Relative quantification analysis Ct values & 2-ΔΔCT method - samples which do not amplify (Aug/14/2010 )
Hi,
I'd like to analyse my data using the 2-ΔΔCT method, but I'm a little confused as to the Ct value I should enter into my excel spreadsheet when my samples do not amplify.
I'm working with the following cell types/conditions, looking at the gene expression of lots of other CD molecules :
Ideally, I would like to compare 2, 3 and 4 to my control sample, number 1. My HK gene amplifies perfectly in all cell types/conditions, each producing consistent & reliable Ct values. My problem is with my GOI - depending on which gene I am looking at I can see up/downregulation or no expression at all. No expression is quite common in samples 1 & 2, which then means I have no Ct value to enter into my spreadsheet (which I of course need, so I can compare all my case samples). What do people do in this situation? Would you enter a Ct value of 0, or enter the value of the total number of cycles you have run? Or should I change my control to another sample, say 3 or 4, which regularly amplify?
Any help and suggestions would be greatly appreciated. I'm getting some weird results (eg, 159146-fold upregulation - I'd expect upregulation, but this much is insane!) which I think cannot be right.
Thanks in advance,
Bunsen
If no amplification can be detected, we usually enter the total number of pcr cycles.
ElHo on Tue Aug 17 10:12:50 2010 said:
If no amplification can be detected, we usually enter the total number of pcr cycles.
Thanks ElHo - I'm the only real-time PCR person in my lab, so have no one to ask these silly questions
Bunsen Honeydew on Mon Aug 23 11:07:00 2010 said:
ElHo on Tue Aug 17 10:12:50 2010 said:
If no amplification can be detected, we usually enter the total number of pcr cycles.
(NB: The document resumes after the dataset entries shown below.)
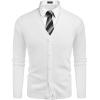imageCOOFANDY Mens V Neck Cardigan Sweater Casual Lightweight Button Down Knitted Cardigan SweaterAll White
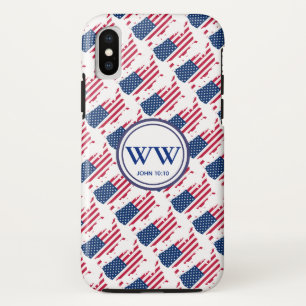 VS Amerika Vlag Monogram Overvloedig Leven Christe iPhone XS Hoesje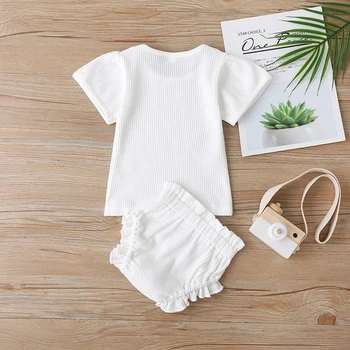 

Newborn Baby Girl Clothes Sets Pit Strip Solid Color T-shirt Shorts Two-piece Lovely Suits Summer Outfit Set Kids Girl Clothing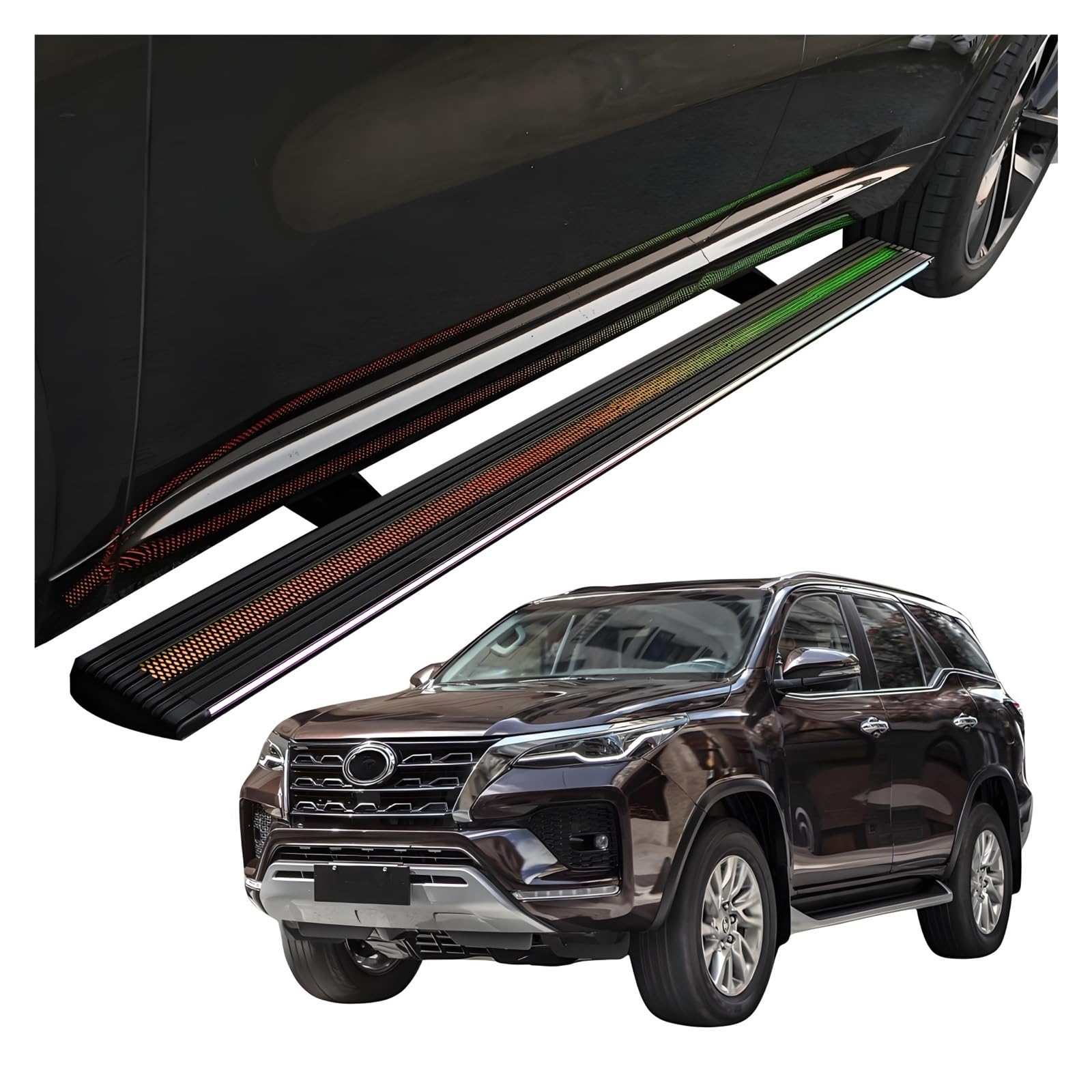 MOMOBP Automatisch einziehbare Trittbretter, kompatibel mit Toyota Fortuner (2016–2025) | Plug-and-Play-Power Steps mit RGB-Nachtlichtern, 271 kg rutschfest | Ohne Bohren und familiensicher von MOMOBP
Thanks ElHo - I'm the only real-time PCR person in my lab, so have no one to ask these silly questions
I had this situation in my dissertation. I just put in "40" for those values, and a professor on my committee instructed me that is the wrong way to go about it. By giving it a value of "40", you're assigning false data. You're assigning a value with no evidence of that being the real value. He told me that anything that is undetectable should be labeled as such - undetectable or some other notation that explains the amplicon was not detected.
I've a similar problem
I want to analyze two samples A and B.
For some genes, I've a CT of 40(so undetected) in A and 30 in B.
How can I calculate a foldchange for this ?
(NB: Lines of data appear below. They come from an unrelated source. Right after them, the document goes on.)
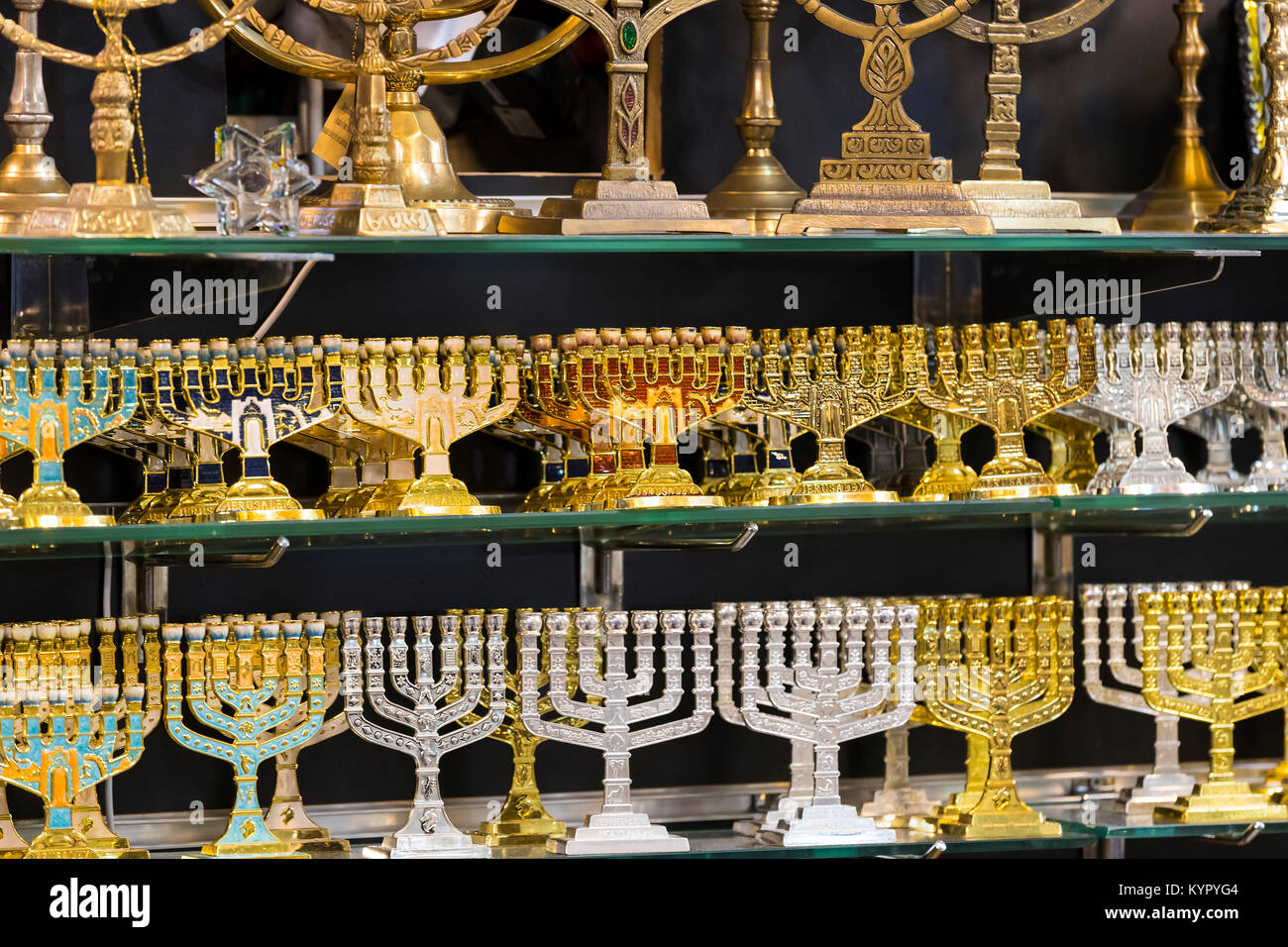 Jewish Rilighous Objects JERUSALEM, ISRAEL - 22 NOVEMBER 2017: The market of religious objects ...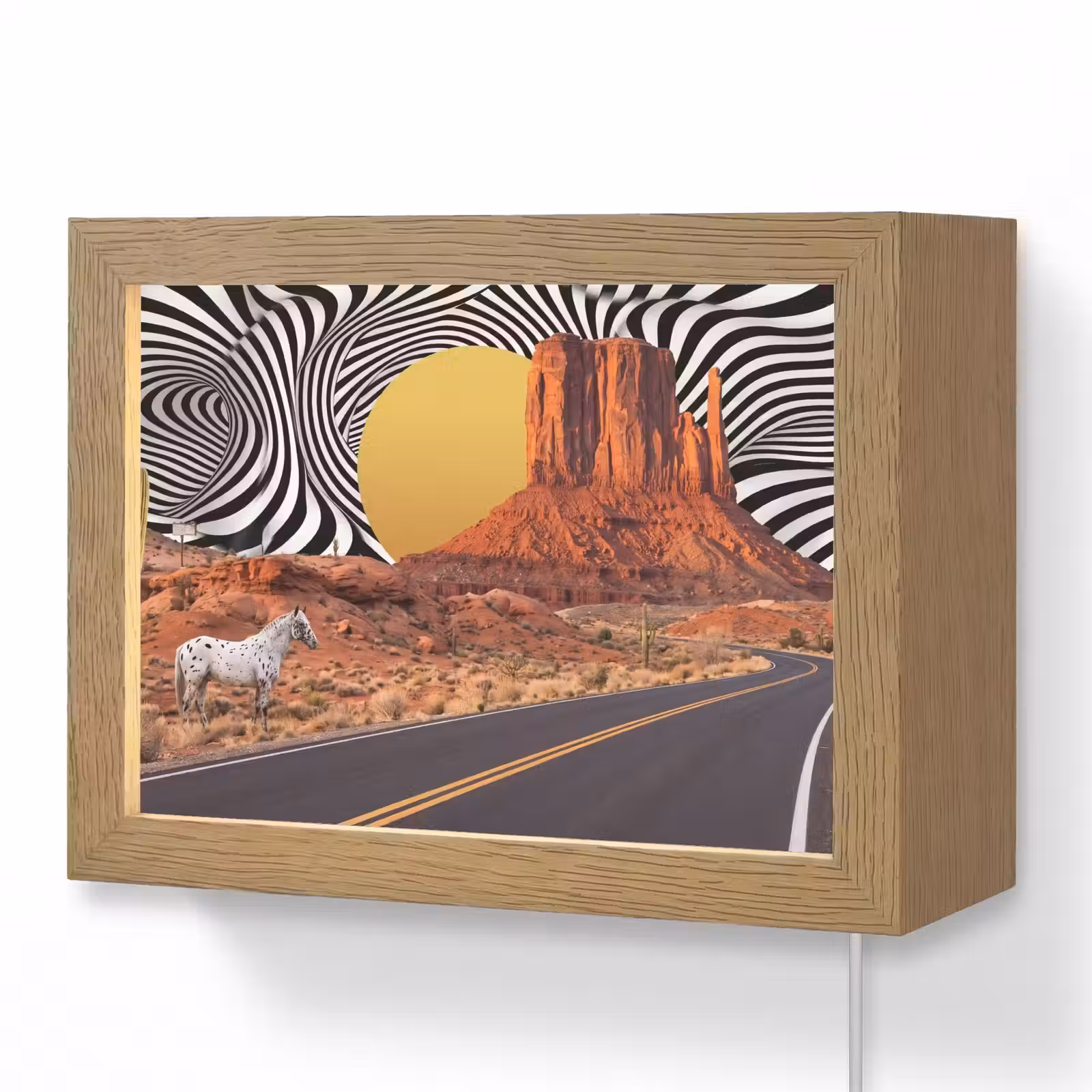 Lightbox - Wandleuchte - Pferd – Wüste – Natur - Paard - Woestijn - Natuur Light Box met kabel (Wandlamp) klein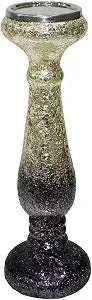 Glass Candle Holder Candlestick Holders Taper CandleHolders  Pillar Candle Stand for Table Decor, Dining Room or Console Accent  Ombre Crackled Design Glow, Home Decor  15.25", Gold & Purple
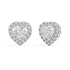 Angled view of white gold Heart Halo earrings showing prong hold and subtle halo with 2.39 CTW 34 lab grown diamonds zero emission methods superior VS plus clarity DEF color.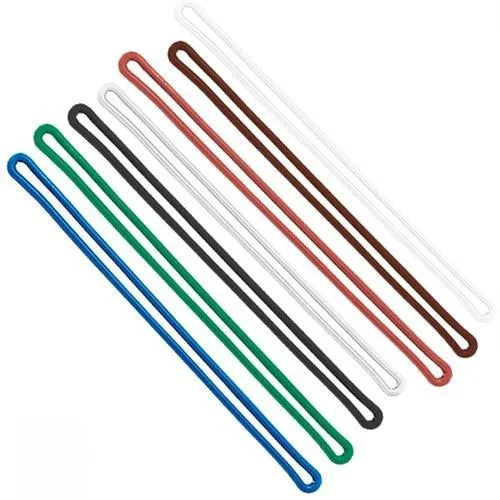 6" Plastic Luggage Tag Loop Straps in Solid Colors - Red, Green, Black, Blue & White (2410-200X)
If it's impossible how can I present the data
Thanks
2-ΔΔCT method tells you how many times is your sample down/upregulated in comparison to your control. If you don't detect any amplification, you should just state so as fishdoc said. You just say that sample is downregulated to undetectable level. You can't say how many times zero is lower than anything, that doesn't make sense.
If you have no detectable amplification in your control (calibrator), then you should choose another one that amplifies well.